İSLAM ALEMİNDE MİLLİYETÇİLİK ENDİŞELERİ

Zaman zaman bazı arkadaşlarımızın, İslamiyet’in Türkler tarafından en iyi şekilde temsil ettiğini unutup kendi açılarından bir takım endişeleri dile getirip İslamiyet’i yaşamaya çalışan, milliyetçiliklerinden ve Türk oluşlarından fevkalade gurur duyan bu kesimi “Araplaşıyorsunuz” diye sitem ederek suçlamaktadırlar. Oysaki bendeniz de bir Türk olarak hem milliyetimle hem de inanç müştemilatım olan Müslümanlık kisvemle guru duymaktayım. Fakat Araplık ile İslamiyet’i asla bağdaştırmadan. İslam’ı cihan şümul, son semavi din olarak bilip asla Arapların babasının malı olmadığını da vurgulamaktayım. Anadolu ortamı içinde ve dışında bazı halklardan ve dinlerden arkadaşlarım var. Bakıyorum onlar da Türklerin İslamiyet’e intisabı ile özellikle çarşaf konusundaki tesettüre değinip Türklere “Araplaşma” suçlamasında bulunmaktalar.

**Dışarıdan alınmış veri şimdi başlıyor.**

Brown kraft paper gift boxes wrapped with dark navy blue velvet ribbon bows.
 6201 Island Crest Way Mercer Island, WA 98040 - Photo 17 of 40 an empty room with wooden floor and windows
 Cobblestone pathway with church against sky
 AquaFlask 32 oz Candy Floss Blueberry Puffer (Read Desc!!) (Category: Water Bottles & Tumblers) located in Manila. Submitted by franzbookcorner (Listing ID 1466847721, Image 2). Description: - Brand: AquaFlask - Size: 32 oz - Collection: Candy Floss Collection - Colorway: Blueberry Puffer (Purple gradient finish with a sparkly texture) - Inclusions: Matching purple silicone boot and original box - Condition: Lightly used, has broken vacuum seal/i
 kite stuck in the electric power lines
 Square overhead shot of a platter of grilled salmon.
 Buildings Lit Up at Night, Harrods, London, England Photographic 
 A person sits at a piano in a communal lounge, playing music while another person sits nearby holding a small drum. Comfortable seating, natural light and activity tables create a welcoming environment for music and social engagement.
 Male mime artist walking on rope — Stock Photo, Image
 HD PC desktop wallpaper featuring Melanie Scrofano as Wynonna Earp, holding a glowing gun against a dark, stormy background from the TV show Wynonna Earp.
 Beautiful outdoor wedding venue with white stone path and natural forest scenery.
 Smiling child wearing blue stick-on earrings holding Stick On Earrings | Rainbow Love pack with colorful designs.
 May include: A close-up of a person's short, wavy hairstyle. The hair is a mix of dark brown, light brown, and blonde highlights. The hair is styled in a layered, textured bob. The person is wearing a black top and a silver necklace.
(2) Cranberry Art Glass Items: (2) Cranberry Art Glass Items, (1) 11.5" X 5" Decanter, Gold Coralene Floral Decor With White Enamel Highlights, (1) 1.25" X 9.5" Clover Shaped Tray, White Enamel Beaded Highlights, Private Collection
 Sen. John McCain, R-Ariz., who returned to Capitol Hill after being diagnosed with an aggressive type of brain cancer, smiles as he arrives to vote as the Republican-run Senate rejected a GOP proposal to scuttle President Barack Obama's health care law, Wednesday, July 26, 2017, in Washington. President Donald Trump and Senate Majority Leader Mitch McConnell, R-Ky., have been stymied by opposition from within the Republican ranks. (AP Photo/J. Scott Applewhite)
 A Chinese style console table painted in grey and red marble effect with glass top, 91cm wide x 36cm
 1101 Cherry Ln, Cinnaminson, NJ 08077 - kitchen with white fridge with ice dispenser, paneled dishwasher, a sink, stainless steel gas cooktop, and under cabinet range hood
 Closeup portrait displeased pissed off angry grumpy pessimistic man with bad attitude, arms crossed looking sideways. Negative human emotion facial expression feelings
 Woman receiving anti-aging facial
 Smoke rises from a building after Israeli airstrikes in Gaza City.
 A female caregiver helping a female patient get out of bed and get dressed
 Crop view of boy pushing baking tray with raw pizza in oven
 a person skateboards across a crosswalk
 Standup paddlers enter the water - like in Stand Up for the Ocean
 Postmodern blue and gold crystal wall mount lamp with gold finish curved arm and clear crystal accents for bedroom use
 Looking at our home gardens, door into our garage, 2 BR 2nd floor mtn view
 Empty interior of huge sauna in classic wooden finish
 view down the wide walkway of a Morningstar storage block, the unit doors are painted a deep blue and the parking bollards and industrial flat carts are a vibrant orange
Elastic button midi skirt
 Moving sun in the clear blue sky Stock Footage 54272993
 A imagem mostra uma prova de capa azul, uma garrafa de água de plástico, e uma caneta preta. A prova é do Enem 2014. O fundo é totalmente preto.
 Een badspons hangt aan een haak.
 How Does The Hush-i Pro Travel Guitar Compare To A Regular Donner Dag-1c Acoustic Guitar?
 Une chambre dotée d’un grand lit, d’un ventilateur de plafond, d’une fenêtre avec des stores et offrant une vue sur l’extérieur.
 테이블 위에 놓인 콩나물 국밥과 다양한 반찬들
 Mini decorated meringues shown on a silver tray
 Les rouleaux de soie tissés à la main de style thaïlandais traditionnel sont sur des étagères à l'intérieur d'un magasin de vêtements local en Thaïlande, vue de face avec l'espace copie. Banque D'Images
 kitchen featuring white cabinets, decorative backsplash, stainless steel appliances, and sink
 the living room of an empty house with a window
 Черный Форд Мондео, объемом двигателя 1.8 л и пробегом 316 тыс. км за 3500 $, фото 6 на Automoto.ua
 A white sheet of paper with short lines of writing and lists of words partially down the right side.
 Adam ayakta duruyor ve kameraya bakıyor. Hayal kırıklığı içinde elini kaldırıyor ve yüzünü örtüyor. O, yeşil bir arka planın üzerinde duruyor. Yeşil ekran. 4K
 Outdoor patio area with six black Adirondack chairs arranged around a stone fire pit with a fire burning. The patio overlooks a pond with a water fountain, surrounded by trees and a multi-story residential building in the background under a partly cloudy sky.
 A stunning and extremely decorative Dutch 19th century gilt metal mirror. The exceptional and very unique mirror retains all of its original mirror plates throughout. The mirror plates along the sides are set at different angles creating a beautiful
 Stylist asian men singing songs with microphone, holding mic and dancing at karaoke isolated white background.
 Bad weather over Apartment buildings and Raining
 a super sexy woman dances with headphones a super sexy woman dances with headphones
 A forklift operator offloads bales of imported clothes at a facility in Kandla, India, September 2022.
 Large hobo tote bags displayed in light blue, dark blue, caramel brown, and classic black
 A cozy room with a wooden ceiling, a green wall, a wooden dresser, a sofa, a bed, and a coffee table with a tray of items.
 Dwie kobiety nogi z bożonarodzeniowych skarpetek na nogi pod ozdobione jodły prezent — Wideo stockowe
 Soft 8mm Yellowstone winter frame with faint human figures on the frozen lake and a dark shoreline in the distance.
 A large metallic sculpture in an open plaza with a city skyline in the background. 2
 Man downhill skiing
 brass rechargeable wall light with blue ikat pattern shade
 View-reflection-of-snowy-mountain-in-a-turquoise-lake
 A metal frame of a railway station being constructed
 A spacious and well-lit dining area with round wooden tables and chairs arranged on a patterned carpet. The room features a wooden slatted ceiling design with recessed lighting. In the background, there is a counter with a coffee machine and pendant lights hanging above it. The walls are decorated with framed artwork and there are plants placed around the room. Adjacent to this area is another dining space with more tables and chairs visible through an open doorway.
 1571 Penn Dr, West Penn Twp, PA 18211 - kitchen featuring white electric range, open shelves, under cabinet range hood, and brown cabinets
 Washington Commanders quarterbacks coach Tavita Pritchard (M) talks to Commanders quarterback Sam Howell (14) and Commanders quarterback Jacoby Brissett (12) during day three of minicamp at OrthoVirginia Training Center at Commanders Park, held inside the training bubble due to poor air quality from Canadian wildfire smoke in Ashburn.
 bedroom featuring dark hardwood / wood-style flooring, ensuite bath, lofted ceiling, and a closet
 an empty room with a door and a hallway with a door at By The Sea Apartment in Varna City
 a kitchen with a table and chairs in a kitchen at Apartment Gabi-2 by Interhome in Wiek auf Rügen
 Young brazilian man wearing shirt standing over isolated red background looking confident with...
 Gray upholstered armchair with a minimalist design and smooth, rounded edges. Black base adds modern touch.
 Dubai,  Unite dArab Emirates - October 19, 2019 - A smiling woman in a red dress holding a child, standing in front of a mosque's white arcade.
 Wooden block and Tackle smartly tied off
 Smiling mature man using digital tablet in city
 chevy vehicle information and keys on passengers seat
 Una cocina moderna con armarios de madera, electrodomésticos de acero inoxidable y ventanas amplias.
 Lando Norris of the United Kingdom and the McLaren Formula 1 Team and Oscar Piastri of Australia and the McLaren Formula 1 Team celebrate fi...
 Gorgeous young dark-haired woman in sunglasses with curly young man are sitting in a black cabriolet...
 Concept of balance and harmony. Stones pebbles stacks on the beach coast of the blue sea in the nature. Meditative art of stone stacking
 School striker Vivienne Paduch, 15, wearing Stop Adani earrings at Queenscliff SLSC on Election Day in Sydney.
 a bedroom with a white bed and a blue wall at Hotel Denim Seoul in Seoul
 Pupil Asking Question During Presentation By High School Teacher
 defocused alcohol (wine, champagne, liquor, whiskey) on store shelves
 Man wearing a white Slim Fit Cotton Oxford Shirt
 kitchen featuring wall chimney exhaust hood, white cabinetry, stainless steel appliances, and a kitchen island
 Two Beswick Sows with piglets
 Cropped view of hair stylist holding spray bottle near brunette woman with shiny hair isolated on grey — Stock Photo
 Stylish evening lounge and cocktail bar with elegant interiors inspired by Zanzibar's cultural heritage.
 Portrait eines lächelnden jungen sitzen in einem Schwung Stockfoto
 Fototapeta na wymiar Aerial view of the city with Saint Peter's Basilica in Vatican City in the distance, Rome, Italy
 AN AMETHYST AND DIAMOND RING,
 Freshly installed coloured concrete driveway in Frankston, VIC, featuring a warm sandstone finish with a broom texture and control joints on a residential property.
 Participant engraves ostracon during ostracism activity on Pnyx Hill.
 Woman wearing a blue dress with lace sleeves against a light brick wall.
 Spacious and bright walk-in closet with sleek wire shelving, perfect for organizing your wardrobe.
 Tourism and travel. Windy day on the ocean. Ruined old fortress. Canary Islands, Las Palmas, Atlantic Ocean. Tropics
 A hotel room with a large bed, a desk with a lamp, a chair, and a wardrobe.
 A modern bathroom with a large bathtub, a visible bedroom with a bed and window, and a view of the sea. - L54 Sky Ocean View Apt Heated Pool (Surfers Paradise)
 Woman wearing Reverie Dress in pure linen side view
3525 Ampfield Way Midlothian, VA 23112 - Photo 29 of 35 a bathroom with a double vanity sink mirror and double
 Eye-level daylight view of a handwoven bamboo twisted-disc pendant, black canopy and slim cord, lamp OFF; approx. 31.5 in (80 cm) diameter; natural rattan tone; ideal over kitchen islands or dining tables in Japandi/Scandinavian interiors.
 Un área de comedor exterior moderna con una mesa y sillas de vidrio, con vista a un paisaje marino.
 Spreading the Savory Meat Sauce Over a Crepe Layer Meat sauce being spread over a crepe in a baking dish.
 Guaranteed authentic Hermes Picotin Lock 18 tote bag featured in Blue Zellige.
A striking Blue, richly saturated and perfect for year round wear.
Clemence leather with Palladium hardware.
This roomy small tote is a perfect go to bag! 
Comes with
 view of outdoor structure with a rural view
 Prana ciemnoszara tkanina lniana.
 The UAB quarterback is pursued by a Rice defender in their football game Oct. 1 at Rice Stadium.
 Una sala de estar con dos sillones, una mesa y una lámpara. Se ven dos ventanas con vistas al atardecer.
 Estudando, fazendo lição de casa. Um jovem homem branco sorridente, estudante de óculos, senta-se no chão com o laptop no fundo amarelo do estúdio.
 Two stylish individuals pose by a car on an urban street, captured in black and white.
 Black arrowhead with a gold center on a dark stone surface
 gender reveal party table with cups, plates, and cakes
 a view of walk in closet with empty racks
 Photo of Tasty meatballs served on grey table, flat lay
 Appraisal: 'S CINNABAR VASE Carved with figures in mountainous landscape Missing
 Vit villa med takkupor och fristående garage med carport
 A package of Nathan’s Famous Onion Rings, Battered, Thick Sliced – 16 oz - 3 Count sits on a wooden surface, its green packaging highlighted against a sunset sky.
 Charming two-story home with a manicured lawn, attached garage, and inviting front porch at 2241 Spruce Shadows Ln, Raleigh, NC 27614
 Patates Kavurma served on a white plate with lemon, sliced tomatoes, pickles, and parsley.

Hatta çarşaf giyiminin, Hristiyan ve Yahudi din kadınlarının kıyafetleri olduğu ve onlardan alındığı iddiasını da ileri sürmekteler. Şahsen ben Müslüman bir bayan olsam asla çarşafı tesettür olarak kullanmak yerine, mahalli kıyafetlerim içinde İslam’ın emrettiği tesettürü tercih ederim. Türkiye’de hiç kimsenin Araplaşmak gibi bir derdi olmadığı gibi böyle bir sevdası da yoktur.

Biliyoruz ki Türk insanı İslamiyet’i bugün,  uygulamalarındaki noksanı ile fazlası ile Araplardan daha iyi temsil edip, yaşamaktadırlar. Elbette bu konuda hepimizin noksanı var. Tesettür konusunu ise Nur suresi 31. Ayet kesin olarak belirtilmektedir. Fakat şu veya bu kıyafet belirtilmeyip yerel tesettürün bence en güzel kıyafet olduğu doğrudur kanaatindeyim. 

Mesela Asya Müslüman kadınlarının geleneksel kıyafetleri, Anadolu Yörük ve kadim halkların hanımlarının yerel tesettürlü kıyafetleri, Karadeniz, Bayburt, Kelkit, Gümüşhane hanımlarının kullandığı, manto, pardesü, çar, ve atkı vs yerel tesettürlere hiçbir kimse tarafından tepki gelmemektedir.

Zaten de bu format Kuran ayetidir. Ha siz uyarsınız uymazsınız ayrı konu. Diğer taraftan, şahsen ben Kuran ve Ezan okunduğunda Arap ağzı veya gırtlağı taklit edilmesini de asla tasvip etmemekteyim. Türk lehçesi ve gırtlağı ile Kuran’ı ve Ezanı ruhlara hitap edecek derecede çok güzel okuyan bir sürü kurra (Kuran okuyucu) ve müezzin insanlarımızın olduğunu bilip bununla iftihar etmekteyim.

Onun için hiç kimse, birisini İslamiyet’e olan sevdasından ve bağlılığından dolayı “Araplaşmak” gibi bir aşağılamaya maruz bırakması doğru değildir.

Ayrıca, bir Arap düşmanlığını da asla tasvip etmediğimi de belirtmek isterim.

Her milletten her millete bireysel, kasti veya gayri kasti sempati ve antipati olması pek doğaldır.

Nitekim, Hz. Muhammed’in Arap kökenli olmasına rağmen asla bir milliyet seçeneği ve üstünlüğünü ortaya koymadığını “Arap olanın Arap olmayana üstünlüğü ancak takva (İbadet, inanç üstünlüğü) iledir” dediğini de belirtirken, birilerinin İslamiyet’e sıkı sıkı sarılmasının, milliyetinden taviz verdiği anlamının çıkarılmamasını hatırlatırım.